I would really appreciate if you could give me a rough estimation of what / how many raw pictures I should provide to the dataset. Maybe there is even a good choice of preprocessing / augmentation steps I should use for this specific usecase?

Any help is appreciated
Thanks a lot

Greetings

  • Project Type: Object Detection

Hi @FoodDetection - thanks for posting!

Responses below:

  1. Is it better to only provide pictures where all of the products are visible, or should I also provide images with only one product in it? Or should I mix it up with a specific ration of images with all products in it / images with only one product in it?

The two golden rules of computer vision: 1) If a human can see it, so can a model. 2) Your training data should look like your production data. To that end, I suggest you use the same set of cameras / camera angles / locations as you expect your model to see in the wild. Generally, more variance is good.

  1. If the objects to detect are always placed on the same flat surface, is it needed/a good idea to provide images to the dataset that show the objects on different backgrounds?

If the images will always be on the same flat surface, you don’t need to vary the backgrounds. However, it may help improve the robustness of the model (e.g., if lighting or other contexts change).

  1. How many images will I roughly need? I was told that a good rule of thumb is to provide 1-2k pictures per product. This somewhat interfers with my first questions. Should I provide pictures per product or pictures with all products in them.

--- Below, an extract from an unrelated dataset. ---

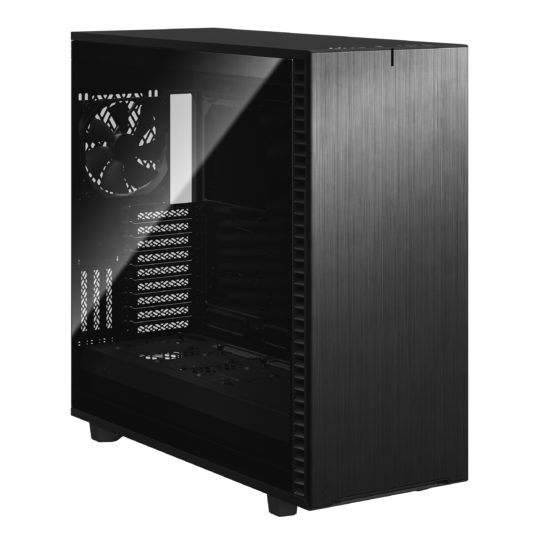Fractal Design Define 7 XL - Full Tower chassi med f&ouml;nster, Black / Dark Tint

If you are only looking at these objects on the same consistent background, I could see ~2,000 well-varied images total being fine. Make sure to use different lighting and contexts. My advice is always to start small (try training on ~200 images) to get a sense of how your model improves with increased sample size. You can also use your early models to pre-label new images.

  1. Right now I am using a Roboflow trials account that is locked to a duplication of 5x for a dataset. It states that more duplications require an upgrade. What upgrade do i need to unlock these? Is it the normal monthly subscription?

We can provide more variants per image after you purchase a starter plan; just shoot us an email at starter-plan@roboflow.com once you upgrade and we’ll let you test it out. Generally, going more than 5x will overfit your model. However, if you have an extremely constrained environment you want to run the model in, overfitting might not be horrible.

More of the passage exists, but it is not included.